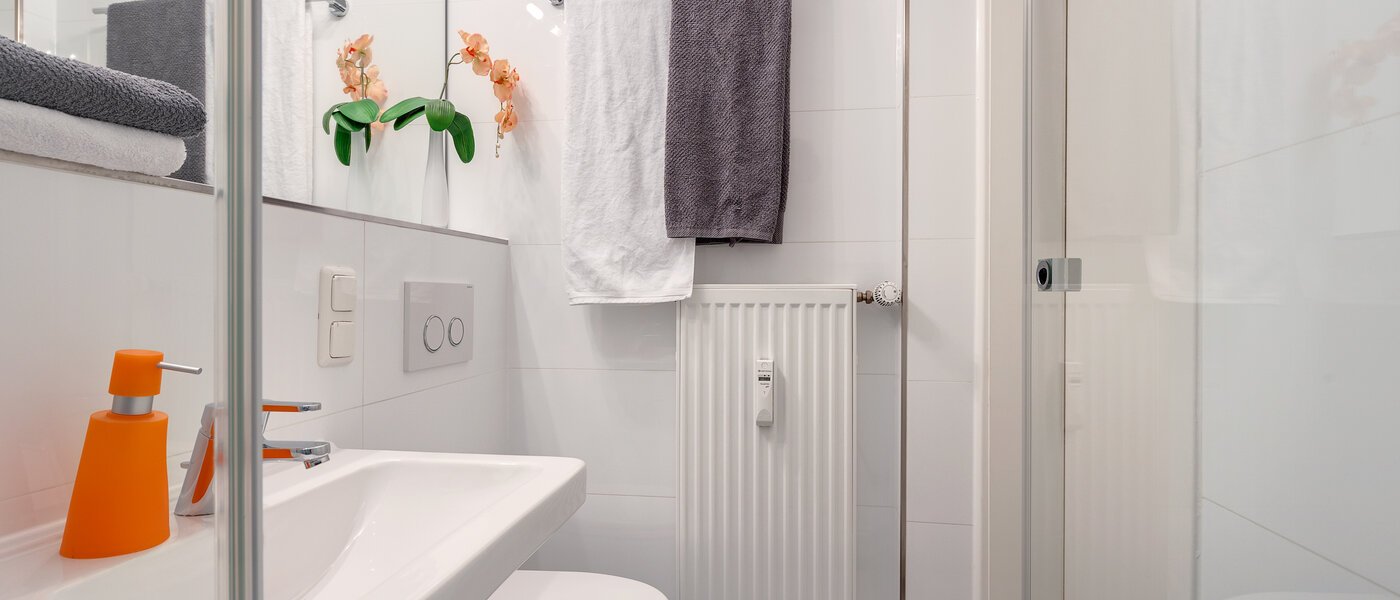 apartment München Bogenhausen 04 bathroom 6716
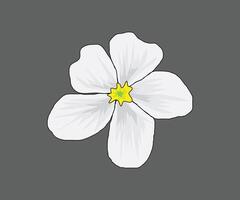 Weiß Blumen- Linie Kunst Zeichnung Vektor Kunst, Symbole, und Grafik Färbung Seite zum Kinder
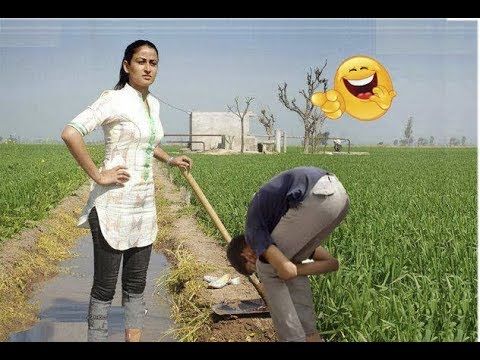 funny videos 2018 try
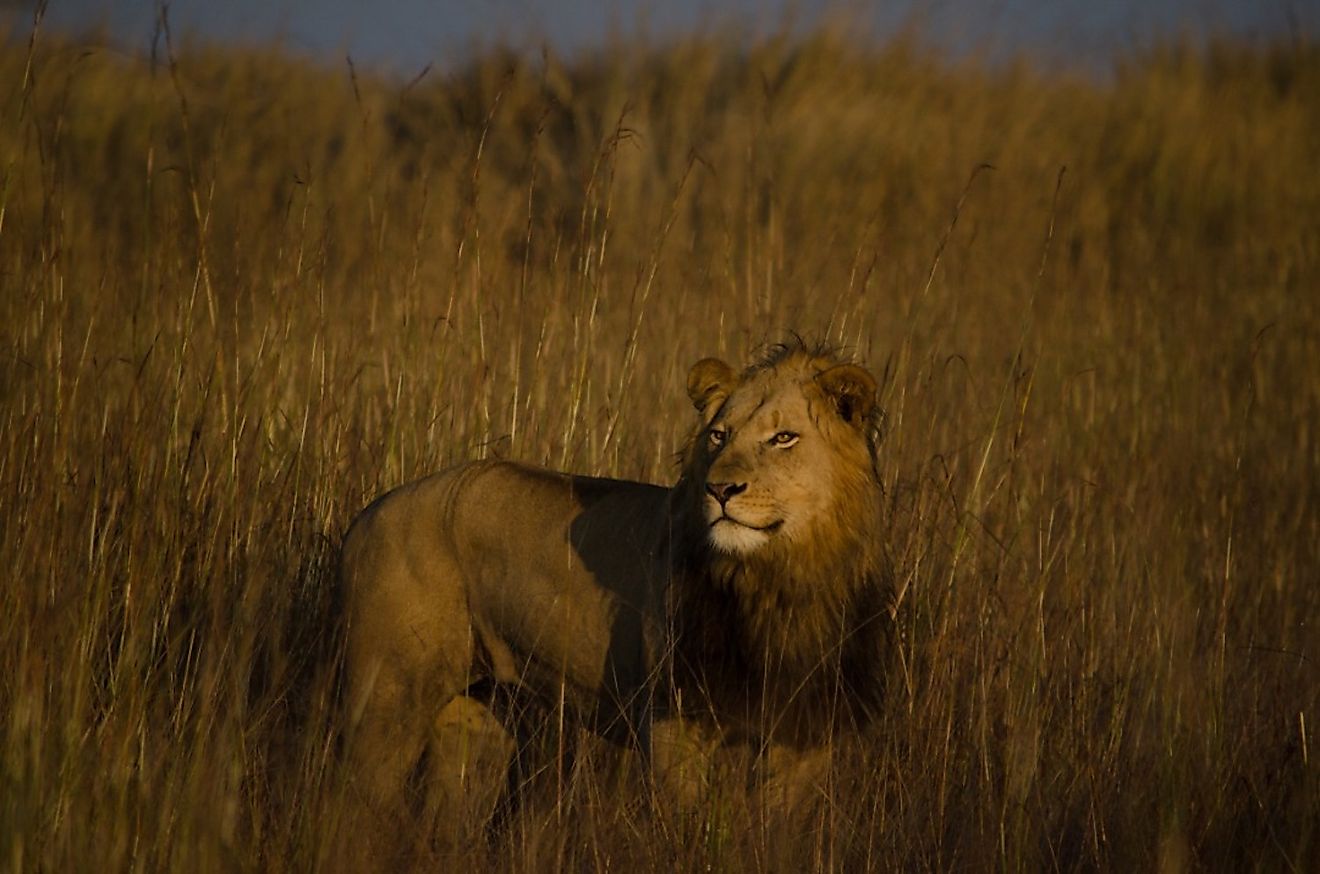 The lion "Shy" who was successfully desnared by the conservation team in the Kafue National Park. Image credit: Jonah Gula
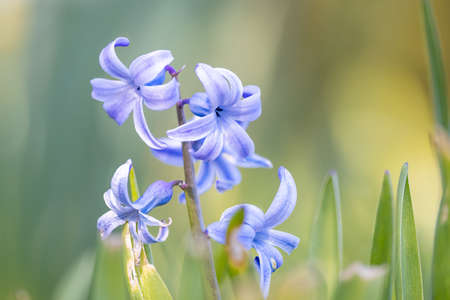 Close up view of Hyacinth plant in the garden .の写真素材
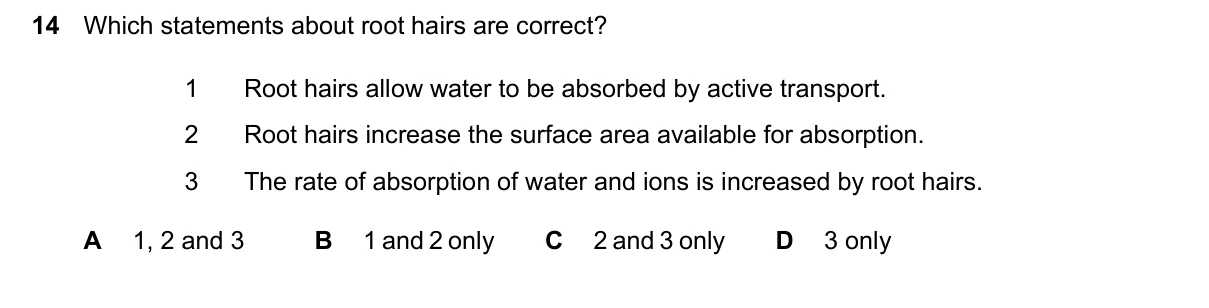 Question 14, June 2026, 0610 Paper 23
==================================================
Exact copy required, pictures excluded: the lines from the one holding "Weiß Blumen- Linie" through the last line of the data, both ends included.

WRITTEN SOLUTION
 Weiß Blumen- Linie Kunst Zeichnung Vektor Kunst, Symbole, und Grafik Färbung Seite zum Kinder
 funny videos 2018 try
 The lion "Shy" who was successfully desnared by the conservation team in the Kafue National Park. Image credit: Jonah Gula
 Close up view of Hyacinth plant in the garden .の写真素材
 Question 14, June 2026, 0610 Paper 23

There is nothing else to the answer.